§ Problem:
Please give back only the lines below from the one containing "Clan Crested Tartan Rosette Brooch" to the one containing "Image 3 of 9", each repeated word for word, both ends included.
==== Information shown
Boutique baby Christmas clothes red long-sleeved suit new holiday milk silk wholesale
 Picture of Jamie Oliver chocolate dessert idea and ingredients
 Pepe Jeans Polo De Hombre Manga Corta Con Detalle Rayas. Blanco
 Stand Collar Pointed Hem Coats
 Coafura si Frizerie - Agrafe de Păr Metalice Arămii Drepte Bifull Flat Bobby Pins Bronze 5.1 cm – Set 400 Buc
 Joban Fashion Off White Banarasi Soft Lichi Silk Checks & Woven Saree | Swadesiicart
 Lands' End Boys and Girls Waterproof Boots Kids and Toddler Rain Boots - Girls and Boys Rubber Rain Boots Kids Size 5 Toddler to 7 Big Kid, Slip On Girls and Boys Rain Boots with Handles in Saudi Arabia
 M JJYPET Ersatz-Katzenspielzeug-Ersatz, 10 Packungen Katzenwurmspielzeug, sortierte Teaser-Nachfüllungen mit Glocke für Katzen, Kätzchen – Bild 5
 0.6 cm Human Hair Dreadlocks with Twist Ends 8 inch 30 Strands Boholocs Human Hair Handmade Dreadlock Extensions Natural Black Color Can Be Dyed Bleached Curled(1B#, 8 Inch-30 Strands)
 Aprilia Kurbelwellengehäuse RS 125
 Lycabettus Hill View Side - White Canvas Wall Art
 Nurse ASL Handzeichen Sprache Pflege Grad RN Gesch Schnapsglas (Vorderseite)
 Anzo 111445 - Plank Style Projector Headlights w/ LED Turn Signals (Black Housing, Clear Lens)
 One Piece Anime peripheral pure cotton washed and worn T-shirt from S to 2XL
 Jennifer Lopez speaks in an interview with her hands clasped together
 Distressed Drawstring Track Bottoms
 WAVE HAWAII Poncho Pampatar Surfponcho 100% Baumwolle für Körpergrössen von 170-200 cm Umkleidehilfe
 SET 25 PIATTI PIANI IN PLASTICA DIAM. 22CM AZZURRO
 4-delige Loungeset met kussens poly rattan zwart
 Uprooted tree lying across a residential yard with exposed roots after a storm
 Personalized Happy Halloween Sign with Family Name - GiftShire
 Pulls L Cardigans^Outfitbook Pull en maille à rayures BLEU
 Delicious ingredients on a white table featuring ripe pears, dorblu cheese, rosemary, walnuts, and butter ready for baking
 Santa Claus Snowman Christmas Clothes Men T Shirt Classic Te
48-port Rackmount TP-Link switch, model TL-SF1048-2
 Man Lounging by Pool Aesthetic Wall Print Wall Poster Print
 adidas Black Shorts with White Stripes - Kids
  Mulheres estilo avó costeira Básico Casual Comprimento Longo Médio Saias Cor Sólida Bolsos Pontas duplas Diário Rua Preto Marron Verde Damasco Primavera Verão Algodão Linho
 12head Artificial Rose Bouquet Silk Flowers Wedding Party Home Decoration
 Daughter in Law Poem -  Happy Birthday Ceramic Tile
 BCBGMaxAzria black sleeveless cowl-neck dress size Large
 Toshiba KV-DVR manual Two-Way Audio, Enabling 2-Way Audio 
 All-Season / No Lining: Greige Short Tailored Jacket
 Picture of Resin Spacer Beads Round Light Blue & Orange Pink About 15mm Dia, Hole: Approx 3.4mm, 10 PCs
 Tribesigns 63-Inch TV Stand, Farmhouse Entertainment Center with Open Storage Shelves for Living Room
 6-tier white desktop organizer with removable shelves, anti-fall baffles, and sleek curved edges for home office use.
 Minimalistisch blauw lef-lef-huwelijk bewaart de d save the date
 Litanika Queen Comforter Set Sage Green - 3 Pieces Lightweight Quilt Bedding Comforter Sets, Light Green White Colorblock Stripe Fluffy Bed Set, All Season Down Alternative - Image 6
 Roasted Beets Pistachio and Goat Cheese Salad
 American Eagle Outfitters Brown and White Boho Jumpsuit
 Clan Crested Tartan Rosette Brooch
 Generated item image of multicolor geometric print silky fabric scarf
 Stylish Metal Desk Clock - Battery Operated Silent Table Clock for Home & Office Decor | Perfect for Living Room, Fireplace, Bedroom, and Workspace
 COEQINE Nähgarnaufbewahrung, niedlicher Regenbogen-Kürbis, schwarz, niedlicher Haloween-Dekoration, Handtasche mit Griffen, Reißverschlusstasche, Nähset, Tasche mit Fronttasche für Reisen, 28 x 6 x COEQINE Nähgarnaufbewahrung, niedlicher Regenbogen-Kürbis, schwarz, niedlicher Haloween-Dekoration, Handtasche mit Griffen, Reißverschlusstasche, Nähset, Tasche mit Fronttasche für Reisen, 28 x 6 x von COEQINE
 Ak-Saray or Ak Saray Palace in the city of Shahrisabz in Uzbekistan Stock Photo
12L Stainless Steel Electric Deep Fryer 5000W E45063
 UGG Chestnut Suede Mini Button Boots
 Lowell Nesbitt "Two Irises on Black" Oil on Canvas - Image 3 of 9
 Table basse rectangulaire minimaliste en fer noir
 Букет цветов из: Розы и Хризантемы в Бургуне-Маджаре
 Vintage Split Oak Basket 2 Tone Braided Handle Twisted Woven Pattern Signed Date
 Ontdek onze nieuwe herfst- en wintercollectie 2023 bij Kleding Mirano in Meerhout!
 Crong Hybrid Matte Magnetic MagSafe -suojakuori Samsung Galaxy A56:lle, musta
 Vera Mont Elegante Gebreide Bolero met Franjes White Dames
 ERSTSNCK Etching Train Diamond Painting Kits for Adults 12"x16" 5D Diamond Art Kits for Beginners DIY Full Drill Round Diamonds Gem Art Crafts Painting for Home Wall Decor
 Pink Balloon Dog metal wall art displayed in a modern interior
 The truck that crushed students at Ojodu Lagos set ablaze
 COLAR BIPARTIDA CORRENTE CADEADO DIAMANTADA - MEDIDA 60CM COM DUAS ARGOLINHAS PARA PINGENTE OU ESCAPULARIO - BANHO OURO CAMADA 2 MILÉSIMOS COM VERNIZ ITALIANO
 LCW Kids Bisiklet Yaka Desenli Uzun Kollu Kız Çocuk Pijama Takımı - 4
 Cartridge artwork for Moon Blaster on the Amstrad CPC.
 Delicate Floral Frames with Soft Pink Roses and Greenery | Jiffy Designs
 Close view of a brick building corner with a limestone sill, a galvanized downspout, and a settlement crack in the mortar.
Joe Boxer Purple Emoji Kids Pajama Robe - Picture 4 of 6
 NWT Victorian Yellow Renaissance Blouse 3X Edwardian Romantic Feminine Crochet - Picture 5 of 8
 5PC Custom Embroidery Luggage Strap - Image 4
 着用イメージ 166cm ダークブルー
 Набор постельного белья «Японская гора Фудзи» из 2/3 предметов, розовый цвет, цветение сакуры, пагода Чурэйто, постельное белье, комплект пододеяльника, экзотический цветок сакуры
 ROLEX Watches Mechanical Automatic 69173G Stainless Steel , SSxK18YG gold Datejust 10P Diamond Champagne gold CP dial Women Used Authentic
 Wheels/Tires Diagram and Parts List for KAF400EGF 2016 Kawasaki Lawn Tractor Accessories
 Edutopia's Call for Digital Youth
========
§ Answer box:
 Clan Crested Tartan Rosette Brooch
 Generated item image of multicolor geometric print silky fabric scarf
 Stylish Metal Desk Clock - Battery Operated Silent Table Clock for Home & Office Decor | Perfect for Living Room, Fireplace, Bedroom, and Workspace
 COEQINE Nähgarnaufbewahrung, niedlicher Regenbogen-Kürbis, schwarz, niedlicher Haloween-Dekoration, Handtasche mit Griffen, Reißverschlusstasche, Nähset, Tasche mit Fronttasche für Reisen, 28 x 6 x COEQINE Nähgarnaufbewahrung, niedlicher Regenbogen-Kürbis, schwarz, niedlicher Haloween-Dekoration, Handtasche mit Griffen, Reißverschlusstasche, Nähset, Tasche mit Fronttasche für Reisen, 28 x 6 x von COEQINE
 Ak-Saray or Ak Saray Palace in the city of Shahrisabz in Uzbekistan Stock Photo
12L Stainless Steel Electric Deep Fryer 5000W E45063
 UGG Chestnut Suede Mini Button Boots
 Lowell Nesbitt "Two Irises on Black" Oil on Canvas - Image 3 of 9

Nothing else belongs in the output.